Sunny Days in Heaven
Spiritual/Political/Philosophical Blog on the Nature of Truth and Falsehood and Heaven

Saturday, October 08, 2005  

Bush's Picks

Many conservatives were ecstatic over the John Roberts choice for SCOTUS while others considered him a stealth candidate. Particularly after he coyly suggested to the Judiciary Committee that Roe v. Wade was settled law while leaving unsaid whether he would vote to overturn it if he had the chance or simply let it stand.

Fair enough. He couldn't play his hand on that, but there was nothing in his "paper trail" to suggest how he would rule when he faces that issue on the bench.

Still, we have a good idea of where he stands constitutionally on any case that will be new to the court.

Harriet Miers is a cipher, though. Not only does she appear unqualified as a legal expert, she has no discernible constitutional philosophy other than a vague set of axioms iterated by Bush.

Her appointment is a real insult to those who have labored very hard for a very long time to deliver the Court from evil.

The people in the White House aren't stupid. Certainly they had to know something of what the reaction on the Right would be, yet they have no plan to defuse it. I guess Bush simply figures that she'll be confirmed and that will be that.

Which is true. Once confirmed that will be that. She may even turn out to be a decent appointment. But God help us if she is less than mediocre.

What is as troubling to conservatives is Bush's seeming contempt for the people who elected him twice.

Frankly, Bush was never that strong a Republican candidate. He barely won against a hapless and idiotic Al Gore (lost in popular vote), and should have trounced John Kerry despite the MSM's campaign for the Democrat which undoubtedly increased his percentage of the vote.

He was slow to go to war in Iraq when he had momentum on his side, and has failed to follow through on destroying governments that are still sponsoring terrorism like Syria and Iran.

He campaigned for an amendment to define marriage. Heard anything about that lately? And you never will again.

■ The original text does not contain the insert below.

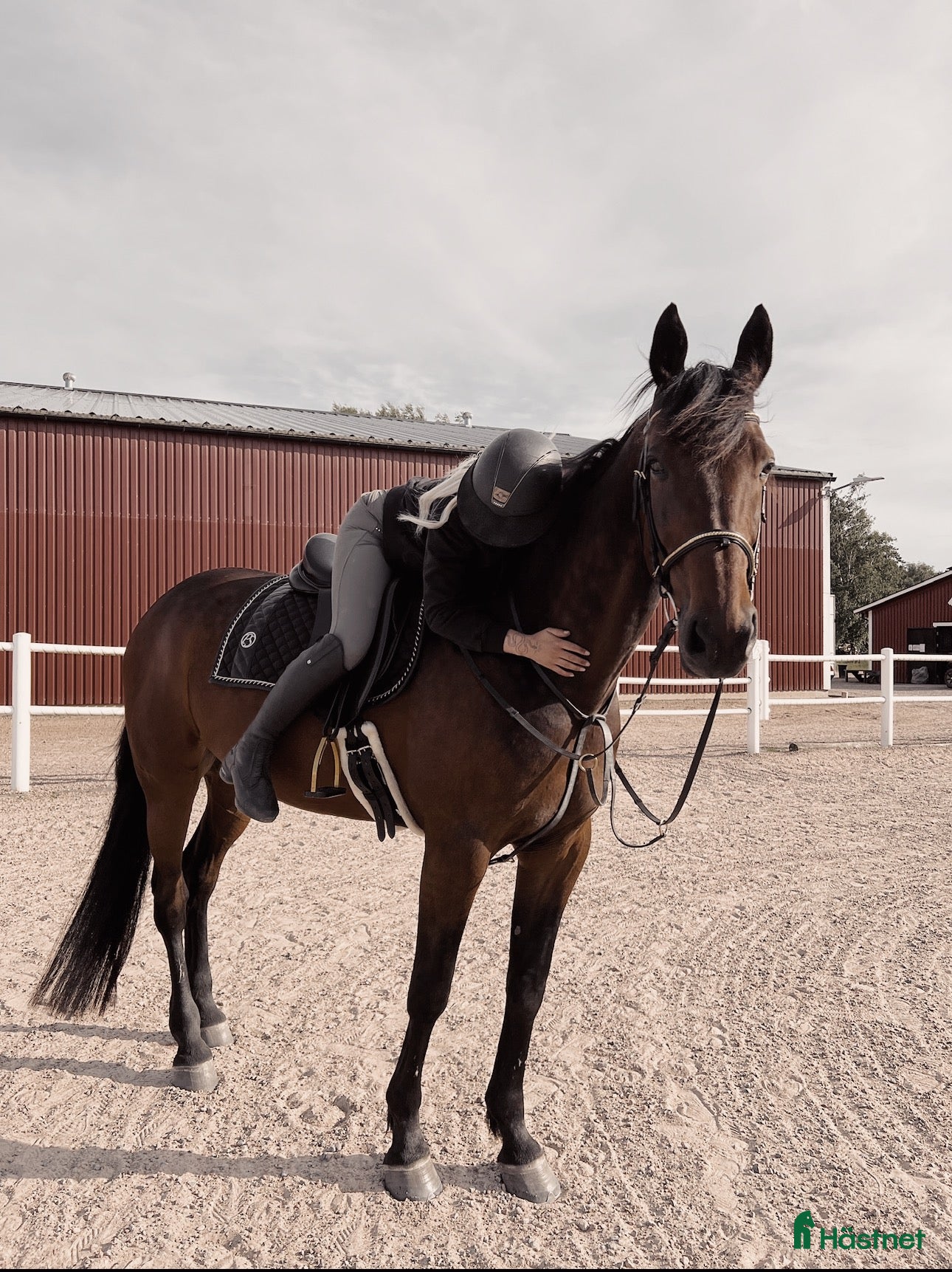  hästar En häst med hjärta av guld - Annons 17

During his five years in office, millions of illegal aliens have entered the country with his approval. I mean that literally. He has completely approved of the invasion with his baseless rhetoric about such people doing the work Americans won't, improving our economy, and practicing good family values.

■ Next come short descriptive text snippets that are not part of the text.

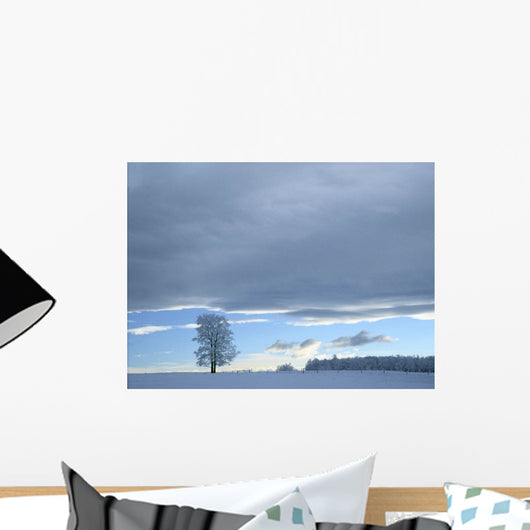 Aspen Tree And Winter Clouds, Near Cochrane, Alberta, Canada Wall Mural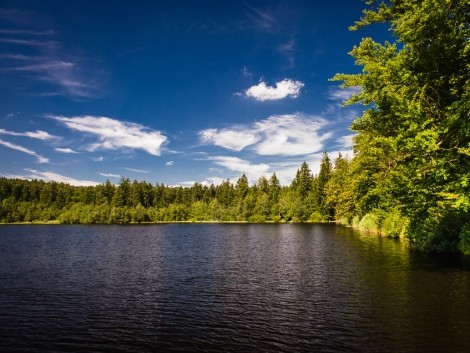 Velký pařezitý rybník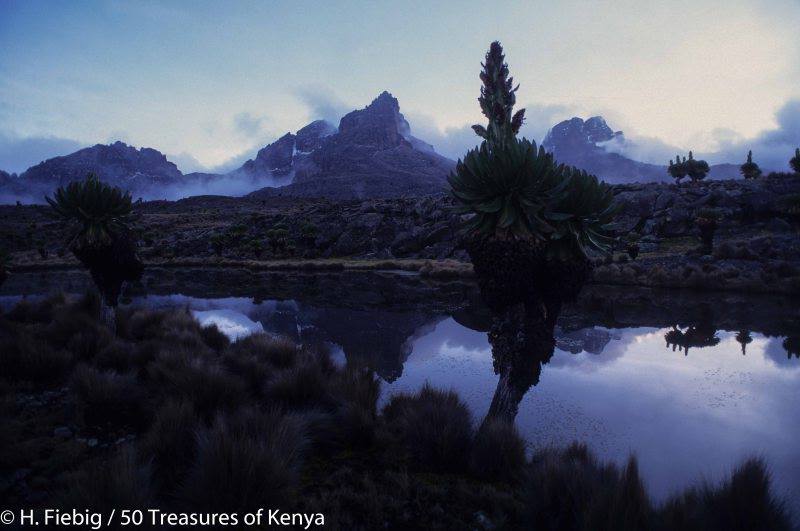 Mt Kenya 1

At some point you ask yourself, who is this guy? What makes him tick? Exactly what does he believe in? He appears to a sheep in wolf's clothing.

Some talk about his managerial style as that of a Harvard MBA, but I am more inclined at this point to give his former Treasury Secretary Paul O'Neill's observations greater credence; that is, that Bush sits and listens and gives no indication of what he hears as registering.

Others say Bush is deeply engaged in meetings, but that comes from loyalists.

Conservatives have tried to excuse Bush's speech impediments, his inarticulateness, and verbal bumbling as being a matter separate from his leadership skills. He's just not a great communicator, he's a nervous speaker, he's not facile and glib which is good. He's an authentic, regular guy.

But when you start adding up all the minuses, you begin to assemble a picture of someone deeply out of his depth.

Many thought that Bush grew in office after 9/11. For the moment it appeared so. He was strong, resolute, determined, and serious. Yet, on further examination it doesn't appear he has grown at all, and proves the adage that presidents don't grow in offce, they are struck with the skill set and temperment that they came with.

In many respects, Bush has bungled the war in Iraq. Not so much militarily (although there have been major bungles, but that happens in war), but politically in allowing his opponents to undermine the cause. He has consistently failed to inform and rally the nation to his banner.

Fortunately for him, Americans aren't lacking in committment to their self-defense.

Bush is baffling. He is popular with our servicemen and women because he is genuinely one of them and concerned about their welfare. But to his Party, he seems indifferent. He doesn't connect with your average, working American. People loved Reagan because Reagan loved people. Some people love Bush because Bush only seems to love some people.

In his dance with America, Bush has two left feet. He sincerely tries to lead, he's earnest enough, but he can't get over his awkwardness and uncoordinated manner.

For the moment, he gives every sign that for the next three years he will be a caretaker President, since he shows no interest in the Republican agenda. Possibily his greatest chance to steer the country back to judicial sanity has been squandered with his choice of Roberts and Miers; and his unwillingness to engage in fierce partisan politics, to fight for conservative candidates and policies is thoroughly demoralizing.

Look around the political landscape, though. See any Republican with backbone or a dyed in the wool appeal? Neither do I.